Resenha: “Essa história está diferente”, de vários autores

essahistoriaestadiferenteEditora: Companhia das Letras
Páginas: 257
Lançamento: 2010
Nota:
 4/5

É possível que você nem tenha notado a letra machista de “Feijoada completa” ou que tenha percebido a frieza com que a narradora de “Folhetim” desdenha de seus amantes. A rica poesia cantada de um dos maiores compositores da nossa música ganhou novas cores e interpretações com a coleção “Essa história está diferente – Dez contos para canções de Chico Buarque, um lançamento ousado da Companhia das Letras e organizado por Ronaldo Bressane.

“Ela faz cinema“, “Brejo da cruz”, “Carioca”, “Mil perdões”, “As vitrines”, “Construção”, “Olhos nos olhos” e “Outros sonhos” completam essa antologia de releituras feitas por uma gama de autores que pouco têm em comum entre si – e, possivelmente, com a obra que usam como inspiração. Estão ali o moçambicano Mia Couto e o cearense Xico Sá; os argentinos Alan Pauls e Rodrigo Fresán e os gaúchos Luis Fernando Verissimo e João Gilberto Noll; o mineiro André Sant’anna e o paulista Cadão Volpato; a chilena Carola Saavedra e o mexicano Mario Bellatin.

O resultado foram contos tão vastos quanto o universo criado por Chico em suas canções.

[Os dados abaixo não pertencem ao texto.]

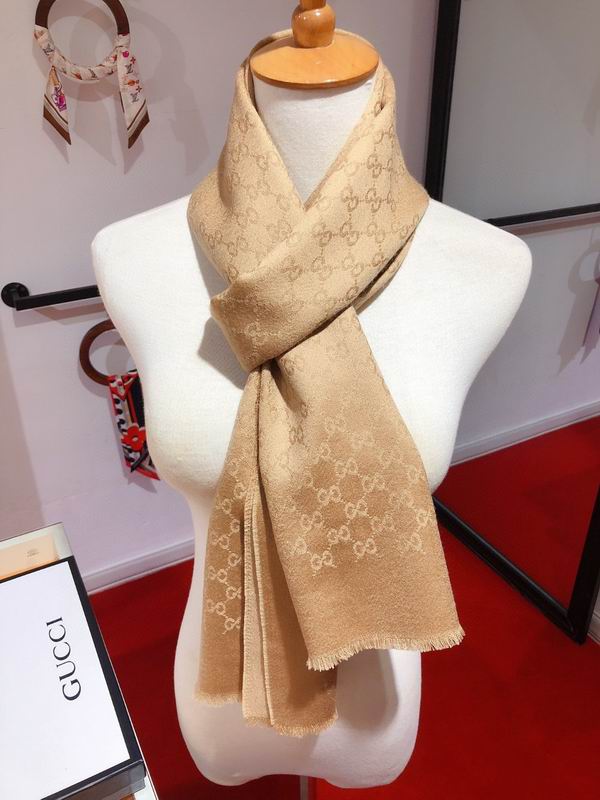 Gucci Scarf 38X180cm 100%羊绒 E080313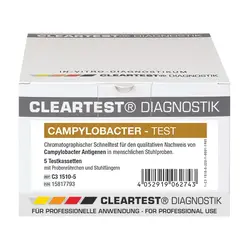 Cleartest Campylobacter, zum qualitativen Nachweis Campylobacter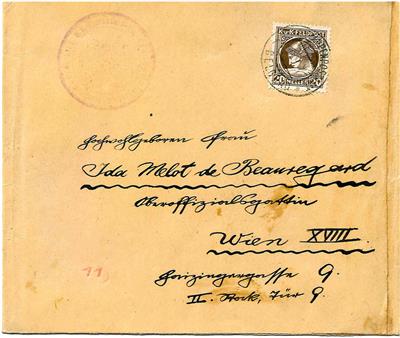 Poststück - Österr. Feldpost 1917, - Briefmarken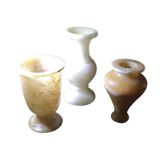 Lot of 3 marble vases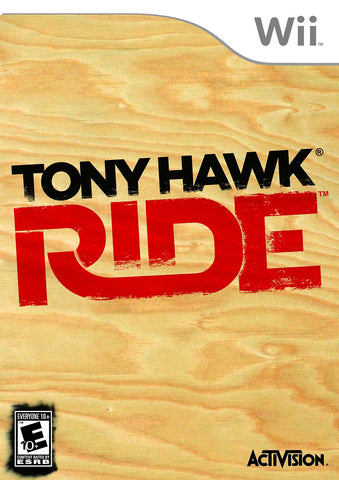 Tony Hawk Ride Game Only Skateboard Required Wii Used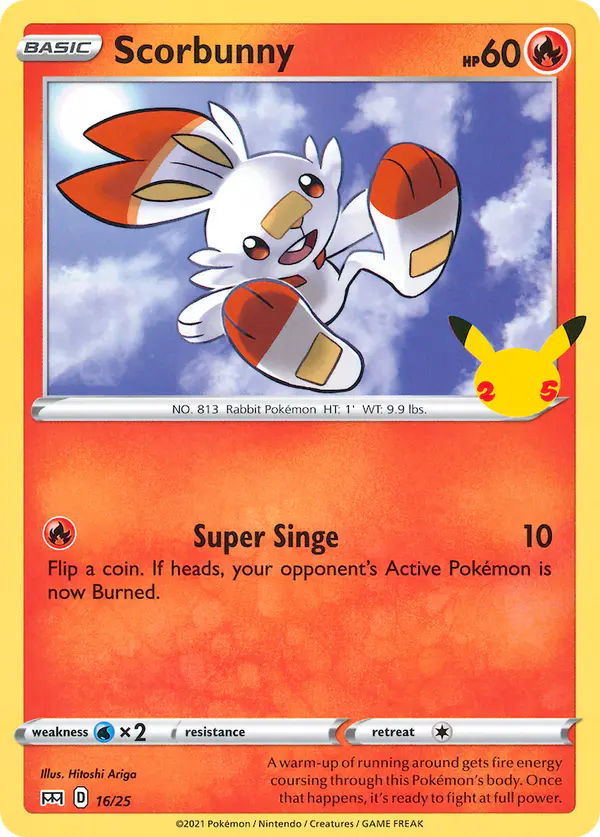 Carta Scorbunny 16/25 de McDonald's Collection 2021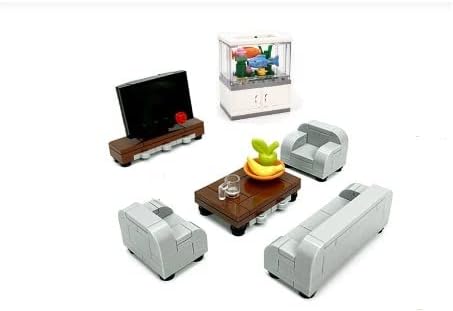 General Jim's Building Blocks Bricks House Furniture Set #2 for Bedroom Living Room & Dining Room for City Street Houses Fun for Teens or Adults image 5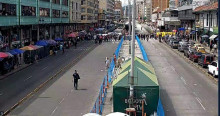 Foto de manifestaciones en Bogotá 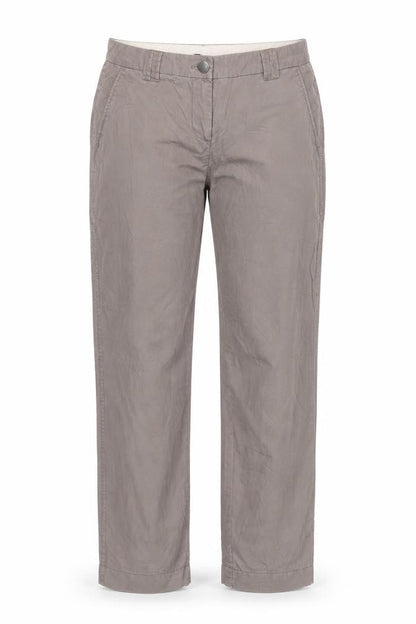 Front view of Zero women’s brown carpenter trousers, size UK 10, 30-inch leg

Verissimo traz o seu genial senso de humor para os diálogos e personagens incríveis nascidos de “Feijoada completa” enquanto Mia Couto constrói, com a candura de suas palavras, o triste fim de um relacionamento destruído. Saavedra vai mais longe e cria, como num filme cheio de planos e contraplanos, a tensão da briga entre um casal que se estranha dentro da própria casa. Xico Sá também amargura a perda da amada, ao passo que o personagem criado por Noll tenta lidar com a solidão dos amores que ficaram para trás quando revê um ex-namorado pelas ruas de Copacabana.

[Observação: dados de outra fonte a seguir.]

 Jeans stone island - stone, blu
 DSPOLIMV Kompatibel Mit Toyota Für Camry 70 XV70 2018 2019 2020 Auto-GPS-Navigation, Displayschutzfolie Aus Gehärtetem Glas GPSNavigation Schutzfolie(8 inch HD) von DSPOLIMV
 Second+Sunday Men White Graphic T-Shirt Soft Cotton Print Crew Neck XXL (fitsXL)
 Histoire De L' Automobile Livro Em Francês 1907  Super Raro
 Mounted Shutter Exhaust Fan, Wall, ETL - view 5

Nas mãos de cada autor, as músicas ganharam universos próprios. Vez ou outra, o leitor é compelido a voltar à letra que abre cada conto para se maravilhar com o rumo escolhido por cada escritor – ou mesmo tentar entender onde é que essa história vai dar. Com um time tão heterogêneo, é quase impossível que todos os estilos e linguagens agradem quem lê. Essa multiplicidade de talentos fica clara até na diagramação das páginas, cuja disposição dos textos se difere a cada conto com formas diferentes: margens mais largas ou estreitas, páginas mais abarrotadas em contraste com as mais limpas.

Em comum, elas têm a sinceridade das letras de Chico, temperadas com o amor, a solidão, a traição, o luto e a malandragem de suas composições. André Sant’anna vai longe ao imaginar, de forma bastante confusa, as vidas desgraçadas de dos meninos que habitariam “Brejo da cruz”. Já Bellatin faz de “Construção” um personagem no triste relato do massagista que perdeu a mãe, respeitada declamadora de letras de música e que teve na morte trágica do operário também o fim de sua carreira.

Bressane reuniu alguns dos maiores nomes da literatura em Português e língua espanhola da atualidade para ir além dos nossos ouvidos e surpreender o leitor com as tantas histórias possíveis que sequer imaginávamos. A melhor forma de degustar essa coletânea é ler ouvindo as músicas e os discos que inspiraram essas intrincadas tramas – e se deixar surpreender por autores que provavelmente não leria criando personagens que você já se pegou cantarolando por aí.